I think that this thread became so big that people moved on from the original topic and forgot really, that it's your thread and it's a bit unfair to say "I hate this type of thread". Lots and lots of similar threads are posted - they're all 10 posts long rather than this one which is 10 pages long - you really stirred up some good discussions! :)

You're definitely not being rude in asking why, and as someone who is pregnant with twins I'll tell you why some threads irritate me a little (not this thread!)

1. I think that some OP's are looking for a "special" pregnancy, like having one baby isn't special enough. This bothers me the most - any pregnancy is wonderful and to be celebrated, not wished away because they think that 2 babies is even better.

2. Most threads asking about twins get the same responses - "No, that doesn't mean you're likely to have twins". Somehow, they always seem to skip the posts that say - that isn't like my symptoms at all, and other posts that say those were my singleton symptoms. They reply to the one person who said they matched those symptoms and "Yes, so you also had high HCG, did that triple? What were your rated at 16dpo?!" (For example). 
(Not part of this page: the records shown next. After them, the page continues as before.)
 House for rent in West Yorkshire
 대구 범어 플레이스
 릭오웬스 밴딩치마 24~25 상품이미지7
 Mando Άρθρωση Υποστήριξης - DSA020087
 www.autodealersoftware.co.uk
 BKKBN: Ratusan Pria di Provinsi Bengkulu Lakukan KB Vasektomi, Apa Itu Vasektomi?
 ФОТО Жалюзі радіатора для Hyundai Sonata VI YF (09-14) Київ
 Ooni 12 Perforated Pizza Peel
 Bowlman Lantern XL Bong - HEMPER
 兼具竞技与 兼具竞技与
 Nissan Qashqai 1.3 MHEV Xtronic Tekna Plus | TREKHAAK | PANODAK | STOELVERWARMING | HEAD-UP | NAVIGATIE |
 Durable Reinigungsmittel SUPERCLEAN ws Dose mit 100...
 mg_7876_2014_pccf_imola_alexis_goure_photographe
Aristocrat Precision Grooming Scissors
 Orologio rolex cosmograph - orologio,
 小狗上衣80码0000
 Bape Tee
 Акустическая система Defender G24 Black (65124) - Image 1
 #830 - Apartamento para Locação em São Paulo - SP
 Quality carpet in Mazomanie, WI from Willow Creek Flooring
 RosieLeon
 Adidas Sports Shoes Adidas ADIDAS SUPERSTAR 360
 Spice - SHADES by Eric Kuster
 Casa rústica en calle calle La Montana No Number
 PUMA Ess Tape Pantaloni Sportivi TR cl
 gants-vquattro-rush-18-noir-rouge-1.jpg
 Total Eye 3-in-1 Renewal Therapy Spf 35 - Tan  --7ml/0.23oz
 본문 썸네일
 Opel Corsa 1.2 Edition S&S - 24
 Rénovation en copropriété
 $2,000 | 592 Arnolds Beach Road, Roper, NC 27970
3. Therefore, Most of the time replying to these threads feels like you're talking to someone who doesn't want to listen, or your peeing on someone's parade. Neither are particularly fun things to do!!

4. There are many many many threads all asking the same questions, sometimes 3 in the first page. As someone with twins, interested in twin posts you just find these threads and you are just always repeating yourself if you want to help.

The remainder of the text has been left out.